If U.S. labor markets keep improving then policy makers may raise rates sooner than traders estimate, Fed Chair Janet Yellen said at the Fed Bank of Kansas City’s annual symposium in Jackson Hole, Wyoming, on Aug. 22.
Auction Outlook
The two-year securities to be sold today yielded 0.525 percent in pre-auction trading, compared with 0.544 percent last month, which was the highest rate since May 2011.At the previous two-year auction on July 28, investors bid for 3.22 times the amount available, the lowest since March at the monthly sales.
Direct bidders, non-primary-dealer investors that place their bids directly with the Treasury, purchased 14.3 percent of the notes on offer, the least since June 2013. Indirect bidders, the investor class that includes foreign central banks, bought 27 percent, the most in four months.
Two-year notes have returned 0.5 percent this year, versus 3.9 percent for the wider Treasury market, according to Bank of America Merrill Lynch indexes.

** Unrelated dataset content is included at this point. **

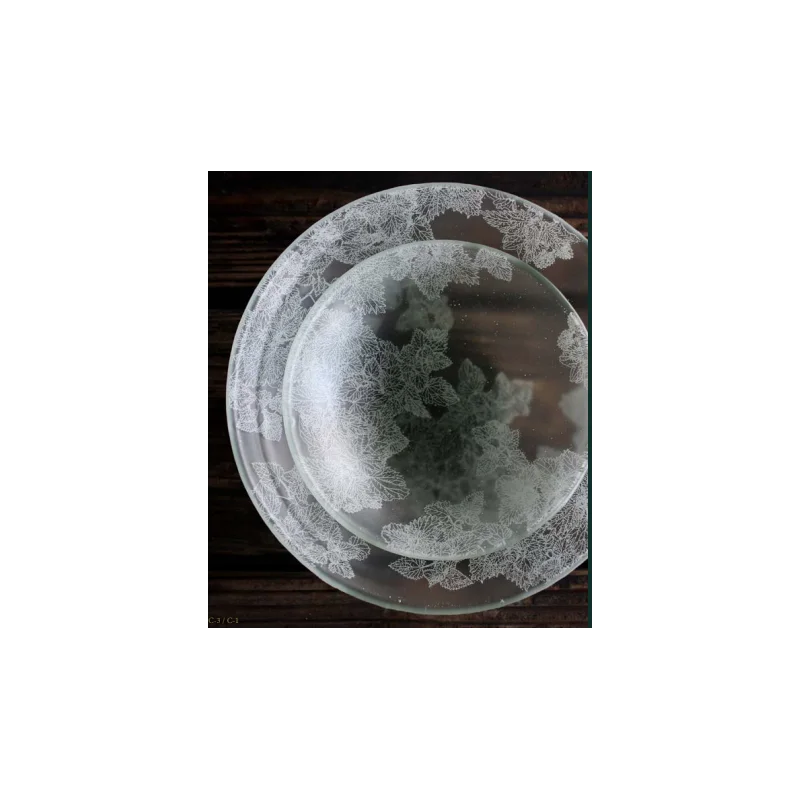 Frosted Glass 22.3cm Bowl - Dentelles D'Orties Collection - Set of 12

In addition to the two-year sale, the Treasury will auction $35 billion of five-year debt and $13 billion of two-year floating-rate notes tomorrow, and $29 billion of seven-year securities the following day.
Durable Goods
The extra yield U.S. 10-year notes offer over their Group-of-Seven counterparts expanded to 77 basis points yesterday from this year’s low of 37 in February. The spread increased to 78 basis points in July, the most since 2007.ECB President Mario Draghi, also speaking at Jackson Hole on Aug. 22, said investor expectations for inflation in the euro area have “exhibited significant declines.” Draghi previously said a worsening of the medium-term inflation outlook would provide a reason for broad-based asset purchases.
The ECB introduced a negative deposit rate in June and announced targeted long-term refinancing operations.

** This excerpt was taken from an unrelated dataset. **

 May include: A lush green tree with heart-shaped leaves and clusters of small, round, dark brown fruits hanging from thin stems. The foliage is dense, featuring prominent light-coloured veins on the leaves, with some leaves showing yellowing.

“Given the divergence in economic and policy paths between the U.S. and Europe, it is not unreasonable to expect the two-year yield spread to widen further by 30 to 40 basis points in the next nine months,” Jussi Hiljanen, head of fixed-income research at SEB AB in Stockholm. “The U.S. economic recovery is gathering pace while a decline in inflation in the euro area remains a concern.”
Durable Goods
A report showed orders for U.S. durable goods jumped in July by the most on record as bookings surged for commercial aircraft, while demand for business equipment eased after the biggest gain in seven months.Bookings for goods meant to last at least three years climbed 22.6 percent after a 2.7 percent gain in June that was bigger than previously reported, data from the Commerce Department showed. A 0.5 percent drop in orders for non-military capital goods excluding aircraft last month followed a June increase of 5.4 percent.